Tra il I secolo avanti Cristo e il XV i carovanieri che dall’Asia all’Europa e viceversa trasportavano le loro merci, formavano in realtà una rete di comunicazioni, in cui circolavano idee politiche e filosofiche, religioni, tecniche artigianali, strategie militari. La seta, però, era la merce più preziosa, se non sotto il profilo strettamente venale, certamente per le suggestioni culturali che essa implicava. Il suo segreto di fabbricazione era custodito dai cinesi, e infiniti furono i tentativi di appropriarsene, originando, forse, il primo caso di spionaggio industriale della storia.
L’espressione «Via della Seta» è, tuttavia, recente. Si deve al geografo tedesco Ferdinand von Richthofen che nel 1877 così nominò quel complesso e variabile tracciato commerciale che collegava l’Est all’Ovest. Ma l’espressione ebbe poca fortuna fra i suoi contemporanei. Essa si impose negli anni Sessanta del secolo scorso e divenne perfino occasione di una banalizzazione quando negli anni Ottanta un progetto interculturale dell’Unesco volle celebrare l’espressione «Vie della Seta» con una più adeguata al politically correct contemporaneo «Vie del Dialogo».
Oltre i sogni di mondi fantastici, al di là della letteratura, dei traffici, dei viaggi, della comunicazione politicamente corretta, la Via della Seta indica un asse preciso attraverso il quale si sviluppavano i rapporti culturali dei popoli dell’Eurasia. Un cammino che nel corso del tempo è divenuto sempre meno importante, sostituito da altri percorsi: prima quelli tracciati dalla navigazione per l’Oceano Atlantico, poi per il Pacifico. E, inevitabilmente, altri popoli, altre filosofie, religioni, merci diventavano centrali e determinanti nella vita culturale ed economica del pianeta. Così, anche la Via della Seta, sostituita dalle rotte oceaniche, perdeva d’importanza strategica e ritornava confinata nel nostro immaginario esotico.

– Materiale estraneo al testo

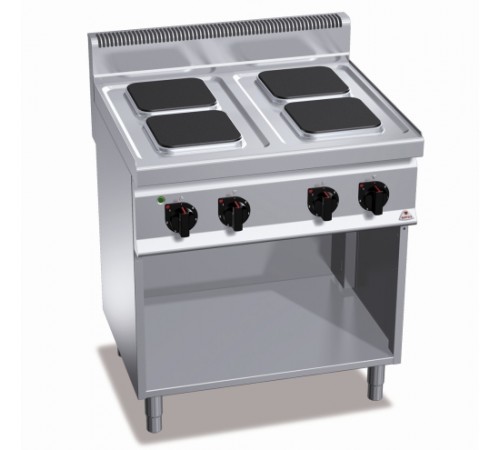 Плита електрична Bertos E7PQ4M + 2P400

Recentemente sono usciti una serie di libri proprio su La Via della Seta. Questo è esattamente il titolo di un volume di Édith e François-Bernard Huyghe (Lindau), preceduto da quelli di Colin Thubron, Ombre sulla via della seta (Ponte alle Grazie), di Peter Hopkirk, Diavoli stranieri sulla Via della Seta (Adelphi) e, dello stesso autore, il celebre Il grande gioco (Adelphi).


Perché tanto interesse? Solo il piacere di raccontare ancora una volta le strade avventurose di Gengis Khan e Tamerlano? Si tratta invece di libri che testimoniano il cambiamento delle attuali strategie geopolitiche: la Cina oggi è al centro delle attenzioni economiche e culturali del pianeta, i rapporti commerciali con quel Paese rappresentano un problema da risolvere quotidianamente, la rete di relazioni con l’Asia non passa attraverso gli oceani, ma per l’antica Via della Seta, restituendo un’importanza decisiva alle regioni euroasiatiche. E così, di nuovo, per quelle strade camminano idealmente le carovane del veneziano Marco Polo, prendendosi la rivincita sulle navi del genovese Cristoforo Colombo, arenate sulle secche della crisi economica americana.